Si la poursuite du programme nucléaire iranien fait l’objet d’un consensus en Iran, la manière dont il faut s’y prendre avec les puissances prescriptrices de sanctions fait donc, elle, débat. Selon Clément Therme, contrairement par exemple à Said Jalili, le poulain de Khamenei défait vendredi, Rohani estime qu’il faut « éviter une confrontation forte avec l’Occident aussi pour ne pas tomber totalement dans les bras de la Russie et de la Chine. Il plaide pour un équilibre entre d’un côté un dialogue plus approfondi avec l’Europe et l’Occident et de l’autre des liens maintenus mais pas exclusifs avec Moscou et Pékin ».
Une vision pragmatique des relations internationales assez éloignée du « romantisme révolutionnaire » qui, selon le chercheur, a caractérisé la politique étrangère de Mahmoud Ahmadinejad au cours des huit dernières années, et qui pourrait rebattre les cartes. Au point de voir s’ouvrir un dialogue direct entre Washington et Téhéran ? Rien n’est encore acquis mais désormais l’hypothèse est sur la table.
L’autre dossier de politique extérieure est bien entendu la Syrie. Si Damas et le Hezbollah libanais restent les alliés privilégiés et historiques de Téhéran dans la région, les bouleversements des printemps arabes (que l’on appelle le « réveil islamique » à Téhéran) font bouger les lignes. « L’idée force de préserver un "axe de résistance" face à Israël fait consensus, concède Clément Therme. Mais après la victoire de Rohani, on pourrait assister à un léger rééquilibrage de la diplomatie iranienne en faveur des Frères musulmans qui pourrait se traduire par un peu plus de pondération dans le soutien à Damas et un peu plus de soutien à Genève 2 [3] »
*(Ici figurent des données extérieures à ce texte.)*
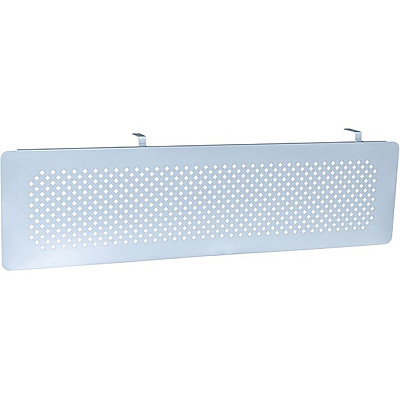 BOSS SS Desktop Modesty Panel (S315)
La République islamique d’Iran n’a pas connu de séisme politique vendredi et le Guide suprême garde la main sur les dossiers stratégiques. Mais il a dû reconnaitre l’élection du moins conservateur des candidats en lice, et ce d’autant plus que celui ci a véritablement été plébiscité par le peuple. Le succès de Rohani constitue donc une petite secousse tellurique : les modérés reprennent du souffle à Téhéran. Dans cette région où la géopolitique est, plus qu’ailleurs, affaire de tectonique des plaques, c’est déjà une nouvelle d’importance.